[Your goal] Look below for the line with "Očista musí být..."; begin the copy there and stop after the line with "dog with flower crown on the beach", keeping the text exact and the pictures out.

[Records provided]
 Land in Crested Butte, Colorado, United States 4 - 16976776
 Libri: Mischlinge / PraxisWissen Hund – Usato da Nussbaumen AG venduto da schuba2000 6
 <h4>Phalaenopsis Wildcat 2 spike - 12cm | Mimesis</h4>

...

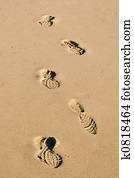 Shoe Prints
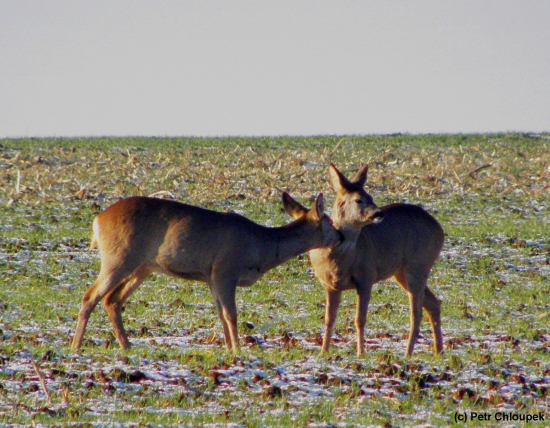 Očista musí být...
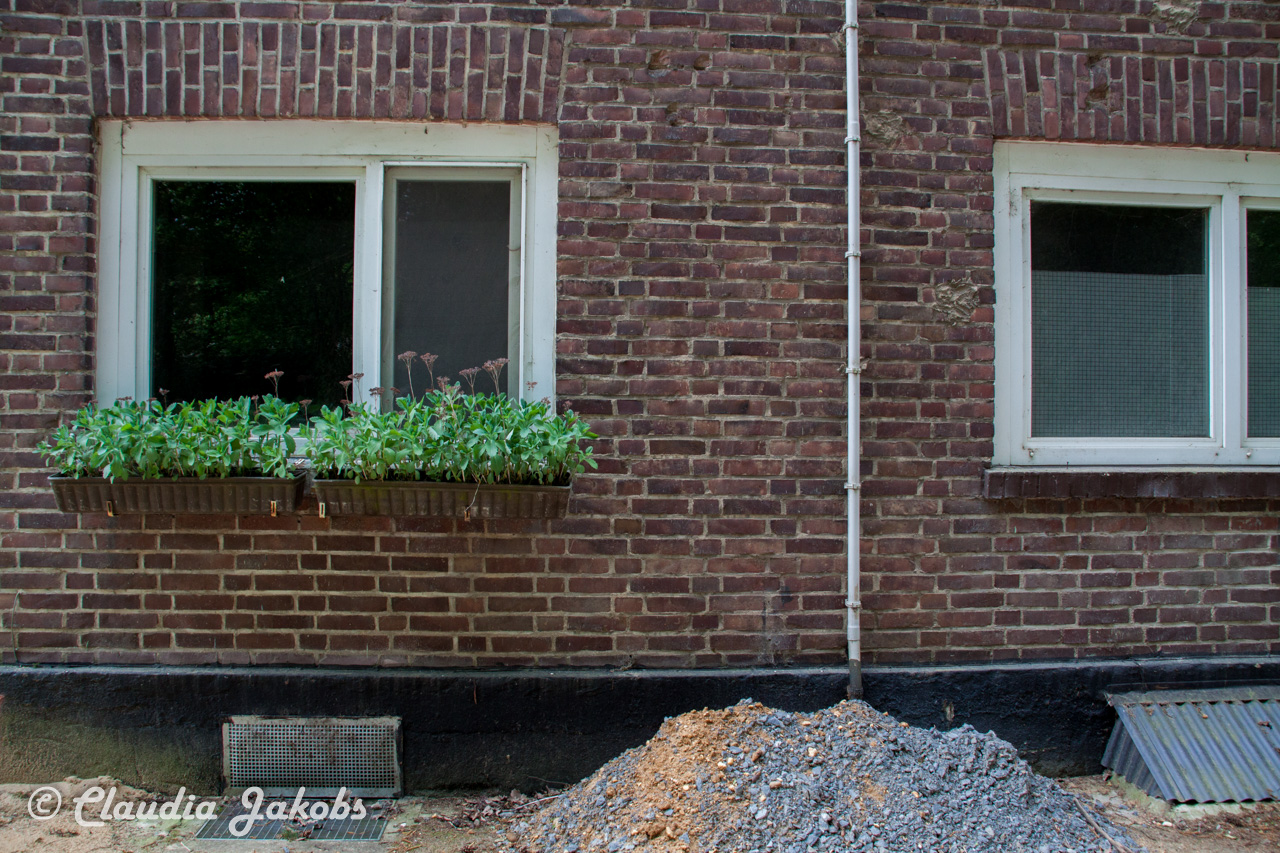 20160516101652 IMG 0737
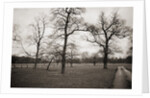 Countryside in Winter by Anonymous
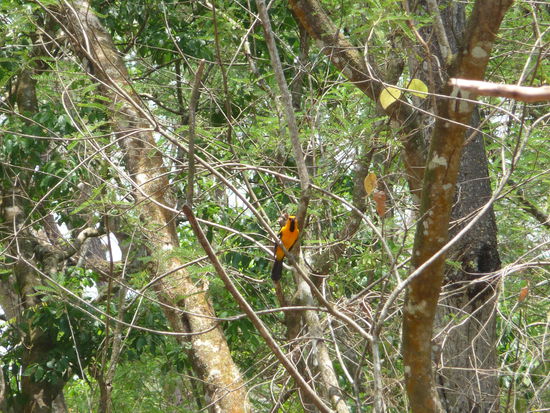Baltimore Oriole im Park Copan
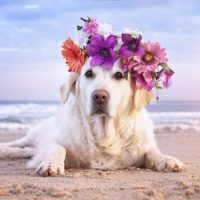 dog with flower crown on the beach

[Written solution]
 Očista musí být...
 20160516101652 IMG 0737
 Countryside in Winter by Anonymous
Baltimore Oriole im Park Copan
 dog with flower crown on the beach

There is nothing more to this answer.